BRIEF DESCRIPTION OF THE DRAWINGS
The objects, features, and advantages of the present invention will be
apparent from the following detailed description of the invention in
which:
FIG. 1 illustrates a block diagram of a computer system having a processor
that has internal circuitry to automatically power down idle processor
components;
FIG. 2 illustrates a high level block diagram of the processor having the
internal circuitry to automatically power down idle processor components;
FIG. 3 illustrates a detailed block diagram of automatic floating point
unit power down circuitry of the processor;
FIG. 4 illustrates cache read predict logic for automatic cache power down
circuitry of the processor;
FIG. 5 illustrates timing wave forms for cache signals of the processor;
and,
FIG. 6 illustrates a block diagram of the internal cache of the processor.
DETAILED DESCRIPTION
In the following description, for purposes of explanation, specific
numbers, materials and configurations are set forth in order to provide a
thorough understanding of the present invention. It will be apparent to
one skilled in the art, however, that the present invention can be
practiced without these specific details. In other instances, well known
systems are shown in diagrammatic or block diagram form in order not to
obscure the present invention unnecessarily.
FIG. 1 illustrates a block diagram of a computer system having a processor
that employs circuitry power down idle components until they are needed.
In FIG. 1, computer system 100 is a multiprocessor system wherein
processor 200 is coupled to co-processor 150 by private bus 110. Private
bus 110, in turn, is coupled to processor bus 120. External cache 170,
main memory 180 and high speed peripheral bus bridge 160 are also coupled
to processor bus 120. Low speed peripheral devices 190 are coupled to high
speed peripheral bus bridge 160 by system bus 140. Additionally, high
speed peripheral devices 165 are coupled to high speed peripheral bus
bridge 160 by high speed peripheral bus 130.

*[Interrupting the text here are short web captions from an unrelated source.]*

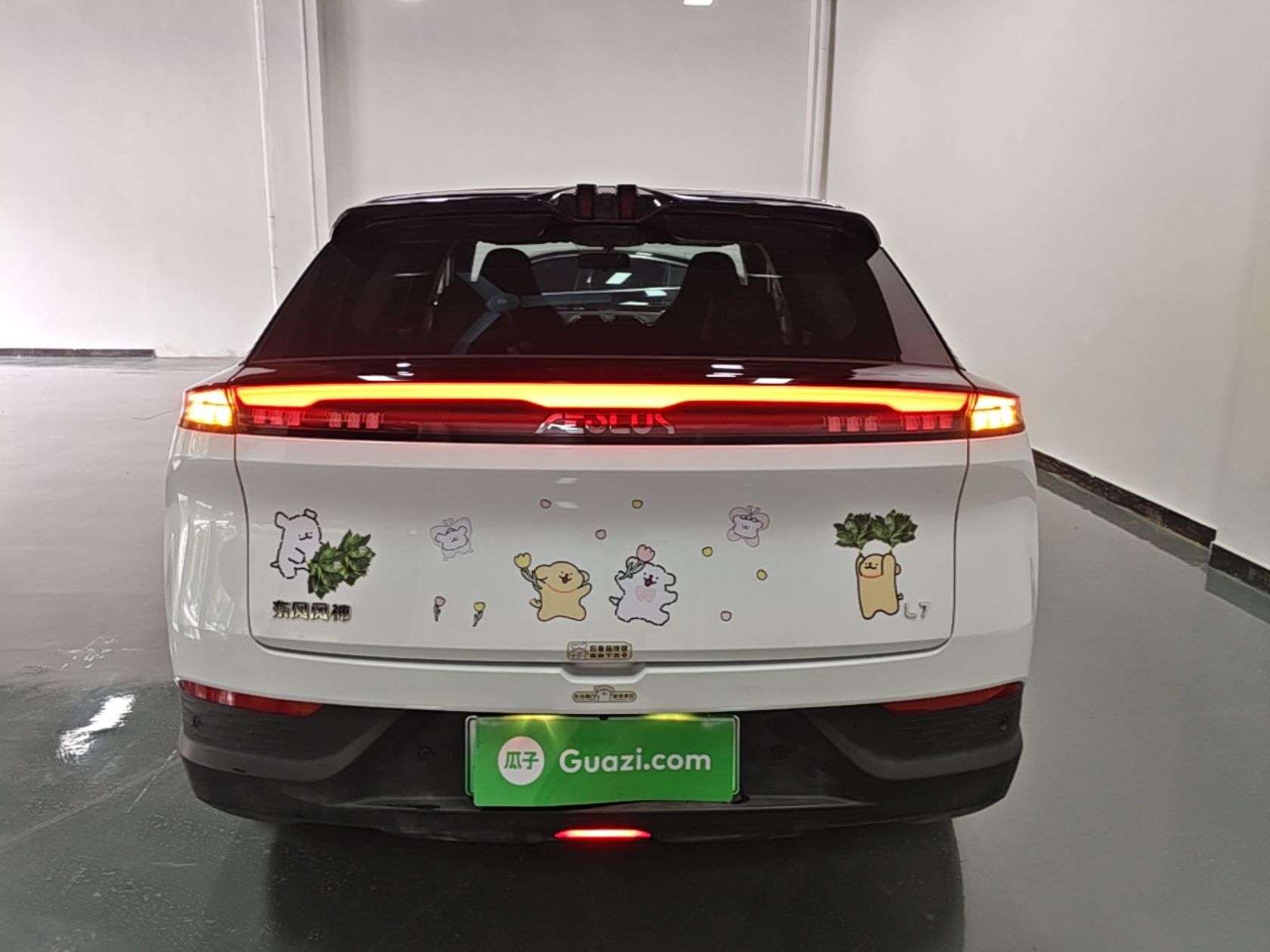 Dongfeng Aeolus L7 New Energy 2025 518 Comfort Edition — снимка 5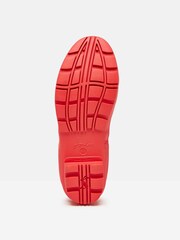 Joules Classic Red Adjustable Wellies - Image 4 of 6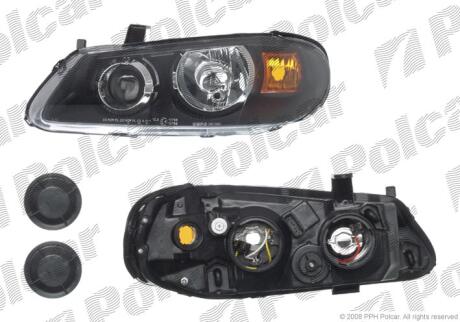 Фара основная Polcar 275710-E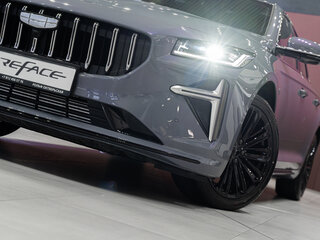 2026 Geely Preface I, серый, 3429990 рублей, вид 3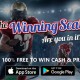 TLS Holdings, Inc. Announces Issuance of Patent Covering Real-Time Mobile Sweepstakes Promotions Tied to Live Sporting Events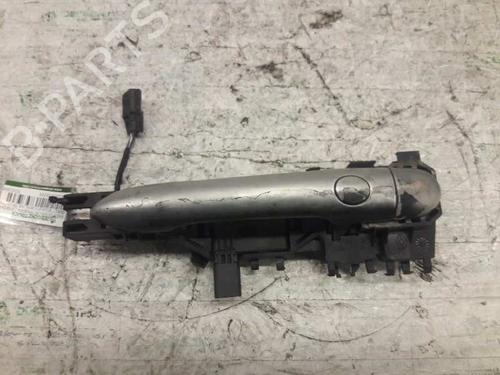Used Rear right exterior door handle RENAULT MEGANE II (BM0/1_, CM0/1_) [2001-2012]  21459166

It is to be understood that the architecture of computer system 100 is
merely representative of a wide class of computer system architectures in
which the present invention can be practiced.
For one embodiment, processor 200 can be placed into a low power
consumption state. Furthermore, processor 200 has an internal write-back
cache that can be snooped by co-processor 150 when processor 200 is in the
low power consumption state. Moreover, processor 200 can be snooped by
direct memory access devices (such as peripheral devices 190 and high
speed peripheral devices 165) when processor 200 is in the low power
consumption state. Further details regarding the low power snooping
capability can be found in co-pending U.S. patent application Ser. No.
08/269,447, Debnath, filed Jun. 30, 1994, entitled "Low Power Snooping For
A Processor Having An Internal Write-Back Cache".
Processor 200 has circuitry to disable idle components within processor 200
until the idle components are needed. With the exception of the circuitry
to disable idle components within processor 200 until the idle components
are needed, the internal write-back cache of processor 200 operates in a
manner that is well known in the art. Furthermore, with the exception of
the circuitry to disable idle components within processor 200 until the
idle components are needed, the components of computer system 100 operate
in a manner that is well known in the art. Therefore, the operation of
computer system 100 will not be discussed further except to describe how
the operation of the components of computer system 100 affects the
operation of the circuitry to disable idle components within processor 200
until the idle components are needed.
For an alternate embodiment, co-processor 150 also has circuitry to
withhold power from idle components within co-processor 150 until the idle
components are needed. This alternate embodiment will not be discussed
further, however, because the operation of the circuitry to disable idle
components within co-processor 150 until the idle components are needed
would be similar to the operation of the circuitry of processor 200.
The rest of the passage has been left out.